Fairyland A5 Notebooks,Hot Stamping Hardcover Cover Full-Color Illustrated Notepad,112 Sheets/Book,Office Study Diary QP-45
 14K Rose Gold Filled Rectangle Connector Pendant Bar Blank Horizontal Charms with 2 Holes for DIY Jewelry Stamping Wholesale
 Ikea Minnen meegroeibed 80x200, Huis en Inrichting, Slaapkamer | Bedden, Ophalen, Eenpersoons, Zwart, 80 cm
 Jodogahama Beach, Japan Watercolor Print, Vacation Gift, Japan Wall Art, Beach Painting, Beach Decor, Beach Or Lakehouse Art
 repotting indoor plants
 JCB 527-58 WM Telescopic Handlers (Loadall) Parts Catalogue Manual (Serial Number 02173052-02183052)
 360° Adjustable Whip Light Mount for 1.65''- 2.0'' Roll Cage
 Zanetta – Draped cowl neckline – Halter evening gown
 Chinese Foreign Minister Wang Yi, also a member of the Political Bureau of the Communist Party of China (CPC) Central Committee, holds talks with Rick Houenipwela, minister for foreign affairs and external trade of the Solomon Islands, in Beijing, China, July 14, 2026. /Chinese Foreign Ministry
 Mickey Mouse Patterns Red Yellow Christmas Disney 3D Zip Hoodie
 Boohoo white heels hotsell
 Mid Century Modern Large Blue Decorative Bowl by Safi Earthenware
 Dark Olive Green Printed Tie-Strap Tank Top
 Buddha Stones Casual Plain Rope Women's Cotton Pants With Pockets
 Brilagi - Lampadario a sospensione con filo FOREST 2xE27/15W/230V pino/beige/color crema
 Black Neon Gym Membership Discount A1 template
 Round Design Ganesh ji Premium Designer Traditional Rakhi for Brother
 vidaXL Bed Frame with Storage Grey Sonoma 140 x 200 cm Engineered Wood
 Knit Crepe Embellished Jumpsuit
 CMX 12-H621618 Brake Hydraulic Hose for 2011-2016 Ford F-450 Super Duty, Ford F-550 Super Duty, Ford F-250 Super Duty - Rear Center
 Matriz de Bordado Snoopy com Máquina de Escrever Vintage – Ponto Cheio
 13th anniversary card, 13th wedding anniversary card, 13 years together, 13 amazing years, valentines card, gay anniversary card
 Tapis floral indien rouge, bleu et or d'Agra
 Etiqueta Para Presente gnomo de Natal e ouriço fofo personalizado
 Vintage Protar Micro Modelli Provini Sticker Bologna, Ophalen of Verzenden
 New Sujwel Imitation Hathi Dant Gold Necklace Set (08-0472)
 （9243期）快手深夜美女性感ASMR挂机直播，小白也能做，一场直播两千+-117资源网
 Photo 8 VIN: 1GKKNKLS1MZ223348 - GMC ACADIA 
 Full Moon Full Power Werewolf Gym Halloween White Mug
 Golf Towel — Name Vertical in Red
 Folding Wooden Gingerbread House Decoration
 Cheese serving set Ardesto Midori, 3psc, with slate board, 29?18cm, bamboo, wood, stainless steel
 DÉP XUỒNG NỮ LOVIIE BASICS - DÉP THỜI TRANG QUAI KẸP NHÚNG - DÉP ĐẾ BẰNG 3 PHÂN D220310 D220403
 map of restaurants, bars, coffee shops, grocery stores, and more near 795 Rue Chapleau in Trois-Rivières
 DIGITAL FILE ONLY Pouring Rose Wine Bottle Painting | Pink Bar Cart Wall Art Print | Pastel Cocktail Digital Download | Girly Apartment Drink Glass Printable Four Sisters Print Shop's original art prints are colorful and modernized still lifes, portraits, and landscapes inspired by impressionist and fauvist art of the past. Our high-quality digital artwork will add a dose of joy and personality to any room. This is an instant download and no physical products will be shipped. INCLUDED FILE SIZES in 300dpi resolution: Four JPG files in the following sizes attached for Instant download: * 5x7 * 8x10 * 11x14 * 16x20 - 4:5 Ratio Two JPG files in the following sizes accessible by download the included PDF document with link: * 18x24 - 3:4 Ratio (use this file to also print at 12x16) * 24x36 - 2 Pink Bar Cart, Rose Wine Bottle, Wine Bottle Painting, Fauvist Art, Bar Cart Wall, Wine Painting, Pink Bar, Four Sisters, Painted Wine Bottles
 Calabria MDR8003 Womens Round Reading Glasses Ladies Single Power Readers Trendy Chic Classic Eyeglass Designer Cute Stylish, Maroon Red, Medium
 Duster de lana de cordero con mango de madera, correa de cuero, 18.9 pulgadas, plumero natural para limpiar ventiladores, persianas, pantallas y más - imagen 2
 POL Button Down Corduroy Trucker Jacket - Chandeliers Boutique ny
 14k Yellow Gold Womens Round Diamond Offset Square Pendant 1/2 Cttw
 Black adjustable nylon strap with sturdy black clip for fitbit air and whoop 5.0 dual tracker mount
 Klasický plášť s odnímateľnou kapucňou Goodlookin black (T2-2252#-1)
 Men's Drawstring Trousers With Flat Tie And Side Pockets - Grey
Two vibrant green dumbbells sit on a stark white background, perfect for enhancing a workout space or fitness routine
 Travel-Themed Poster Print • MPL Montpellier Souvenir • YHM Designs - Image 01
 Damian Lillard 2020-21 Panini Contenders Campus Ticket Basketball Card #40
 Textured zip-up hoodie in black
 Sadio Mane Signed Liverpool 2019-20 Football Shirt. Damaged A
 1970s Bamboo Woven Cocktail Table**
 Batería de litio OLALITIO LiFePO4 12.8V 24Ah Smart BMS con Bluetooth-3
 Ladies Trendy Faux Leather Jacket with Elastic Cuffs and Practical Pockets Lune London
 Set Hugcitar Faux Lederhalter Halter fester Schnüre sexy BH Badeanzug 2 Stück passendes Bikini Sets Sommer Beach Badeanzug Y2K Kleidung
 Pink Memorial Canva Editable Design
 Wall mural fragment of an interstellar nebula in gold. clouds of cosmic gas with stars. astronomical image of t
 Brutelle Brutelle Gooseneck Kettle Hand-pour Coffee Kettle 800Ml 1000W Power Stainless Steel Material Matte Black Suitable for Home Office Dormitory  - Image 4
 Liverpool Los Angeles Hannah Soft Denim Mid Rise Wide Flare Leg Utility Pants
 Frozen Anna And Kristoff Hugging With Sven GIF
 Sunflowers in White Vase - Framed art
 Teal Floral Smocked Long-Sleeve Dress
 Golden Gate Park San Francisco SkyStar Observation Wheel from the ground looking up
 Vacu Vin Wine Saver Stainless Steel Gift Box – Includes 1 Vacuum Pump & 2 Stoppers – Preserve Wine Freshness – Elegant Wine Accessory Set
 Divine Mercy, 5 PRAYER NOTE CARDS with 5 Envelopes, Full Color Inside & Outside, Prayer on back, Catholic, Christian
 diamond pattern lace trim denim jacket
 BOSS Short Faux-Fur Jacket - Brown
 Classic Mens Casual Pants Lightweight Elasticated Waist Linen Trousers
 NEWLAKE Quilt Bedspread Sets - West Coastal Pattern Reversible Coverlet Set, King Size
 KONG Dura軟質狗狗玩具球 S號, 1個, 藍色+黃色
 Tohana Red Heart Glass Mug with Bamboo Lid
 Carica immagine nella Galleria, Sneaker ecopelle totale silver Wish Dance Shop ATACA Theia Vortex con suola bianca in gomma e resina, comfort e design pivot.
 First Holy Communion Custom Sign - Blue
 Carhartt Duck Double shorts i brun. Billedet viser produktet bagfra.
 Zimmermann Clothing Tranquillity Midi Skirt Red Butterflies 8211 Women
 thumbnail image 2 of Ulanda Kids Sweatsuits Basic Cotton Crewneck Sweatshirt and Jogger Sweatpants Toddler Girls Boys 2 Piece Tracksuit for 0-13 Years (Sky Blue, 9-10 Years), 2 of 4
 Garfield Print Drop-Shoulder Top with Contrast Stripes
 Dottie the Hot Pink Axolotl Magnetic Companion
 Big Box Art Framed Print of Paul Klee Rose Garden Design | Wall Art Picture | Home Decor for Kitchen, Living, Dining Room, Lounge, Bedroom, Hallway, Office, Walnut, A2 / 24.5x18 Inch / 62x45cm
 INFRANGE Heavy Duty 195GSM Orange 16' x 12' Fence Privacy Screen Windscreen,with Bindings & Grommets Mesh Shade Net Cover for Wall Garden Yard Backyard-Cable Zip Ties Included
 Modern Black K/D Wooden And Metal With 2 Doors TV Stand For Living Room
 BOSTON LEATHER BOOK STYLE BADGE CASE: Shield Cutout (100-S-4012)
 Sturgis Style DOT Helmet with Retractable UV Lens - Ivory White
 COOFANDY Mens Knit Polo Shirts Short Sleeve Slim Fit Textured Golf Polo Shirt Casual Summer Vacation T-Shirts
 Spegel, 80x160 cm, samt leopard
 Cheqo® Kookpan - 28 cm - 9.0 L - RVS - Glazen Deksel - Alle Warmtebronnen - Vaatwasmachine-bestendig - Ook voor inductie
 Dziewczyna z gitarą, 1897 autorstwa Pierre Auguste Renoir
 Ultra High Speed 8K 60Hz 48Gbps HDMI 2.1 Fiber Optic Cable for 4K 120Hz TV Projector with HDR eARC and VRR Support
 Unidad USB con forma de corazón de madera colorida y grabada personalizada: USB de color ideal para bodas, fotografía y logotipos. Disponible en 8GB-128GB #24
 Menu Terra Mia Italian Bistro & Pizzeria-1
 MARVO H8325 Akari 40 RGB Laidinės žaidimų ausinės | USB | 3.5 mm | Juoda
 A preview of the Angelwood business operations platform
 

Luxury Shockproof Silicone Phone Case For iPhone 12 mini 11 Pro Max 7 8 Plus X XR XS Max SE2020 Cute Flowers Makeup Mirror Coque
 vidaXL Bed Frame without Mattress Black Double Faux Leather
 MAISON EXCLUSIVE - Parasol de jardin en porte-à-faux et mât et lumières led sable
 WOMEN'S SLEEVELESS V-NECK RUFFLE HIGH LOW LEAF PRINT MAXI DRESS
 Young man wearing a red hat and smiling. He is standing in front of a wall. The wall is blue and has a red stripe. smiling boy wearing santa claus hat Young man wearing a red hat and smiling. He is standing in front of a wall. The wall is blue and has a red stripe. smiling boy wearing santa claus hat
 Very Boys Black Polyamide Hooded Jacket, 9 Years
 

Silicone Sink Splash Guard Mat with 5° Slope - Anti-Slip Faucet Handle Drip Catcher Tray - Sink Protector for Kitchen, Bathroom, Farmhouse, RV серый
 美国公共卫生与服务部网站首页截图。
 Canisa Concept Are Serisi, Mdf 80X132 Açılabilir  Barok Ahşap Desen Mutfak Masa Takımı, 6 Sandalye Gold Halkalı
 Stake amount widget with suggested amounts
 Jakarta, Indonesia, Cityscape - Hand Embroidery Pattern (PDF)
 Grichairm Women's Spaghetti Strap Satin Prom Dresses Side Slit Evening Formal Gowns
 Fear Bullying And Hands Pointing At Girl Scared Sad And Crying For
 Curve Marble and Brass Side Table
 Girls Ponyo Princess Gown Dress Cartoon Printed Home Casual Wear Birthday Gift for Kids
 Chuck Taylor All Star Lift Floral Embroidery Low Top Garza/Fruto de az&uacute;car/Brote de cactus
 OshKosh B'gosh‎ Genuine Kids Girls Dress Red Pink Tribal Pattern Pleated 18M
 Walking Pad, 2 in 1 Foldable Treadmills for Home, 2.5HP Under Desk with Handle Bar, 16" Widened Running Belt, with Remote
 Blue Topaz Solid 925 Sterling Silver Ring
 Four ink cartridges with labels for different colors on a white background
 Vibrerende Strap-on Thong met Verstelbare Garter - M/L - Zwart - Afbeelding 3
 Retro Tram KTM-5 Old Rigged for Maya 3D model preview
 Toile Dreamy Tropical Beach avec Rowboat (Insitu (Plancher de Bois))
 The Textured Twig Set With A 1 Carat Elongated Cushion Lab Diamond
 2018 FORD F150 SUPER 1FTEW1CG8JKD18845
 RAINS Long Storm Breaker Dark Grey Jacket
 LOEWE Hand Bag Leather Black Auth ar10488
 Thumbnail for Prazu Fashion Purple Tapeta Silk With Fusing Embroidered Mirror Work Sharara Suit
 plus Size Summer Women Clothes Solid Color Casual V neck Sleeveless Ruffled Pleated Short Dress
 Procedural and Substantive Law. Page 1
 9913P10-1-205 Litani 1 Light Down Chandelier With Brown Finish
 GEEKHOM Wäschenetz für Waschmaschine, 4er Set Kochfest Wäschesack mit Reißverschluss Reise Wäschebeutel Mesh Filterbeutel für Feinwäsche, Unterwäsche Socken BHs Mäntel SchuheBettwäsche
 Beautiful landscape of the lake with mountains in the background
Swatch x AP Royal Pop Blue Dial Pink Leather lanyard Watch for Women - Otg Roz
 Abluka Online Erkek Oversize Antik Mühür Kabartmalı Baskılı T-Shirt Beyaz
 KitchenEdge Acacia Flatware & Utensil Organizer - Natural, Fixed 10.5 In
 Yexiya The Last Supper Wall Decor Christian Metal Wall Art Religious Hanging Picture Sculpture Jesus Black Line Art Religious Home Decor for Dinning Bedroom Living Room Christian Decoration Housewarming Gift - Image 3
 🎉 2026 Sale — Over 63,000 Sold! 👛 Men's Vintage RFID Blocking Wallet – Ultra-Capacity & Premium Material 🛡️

========

### [Problem]
Would you print exactly and only the lines of the material above that run from the line with "Abluka Online Erkek" through the line with "KitchenEdge Acacia Flatware", both included?

### [Result of this task]
 Abluka Online Erkek Oversize Antik Mühür Kabartmalı Baskılı T-Shirt Beyaz
 KitchenEdge Acacia Flatware & Utensil Organizer - Natural, Fixed 10.5 In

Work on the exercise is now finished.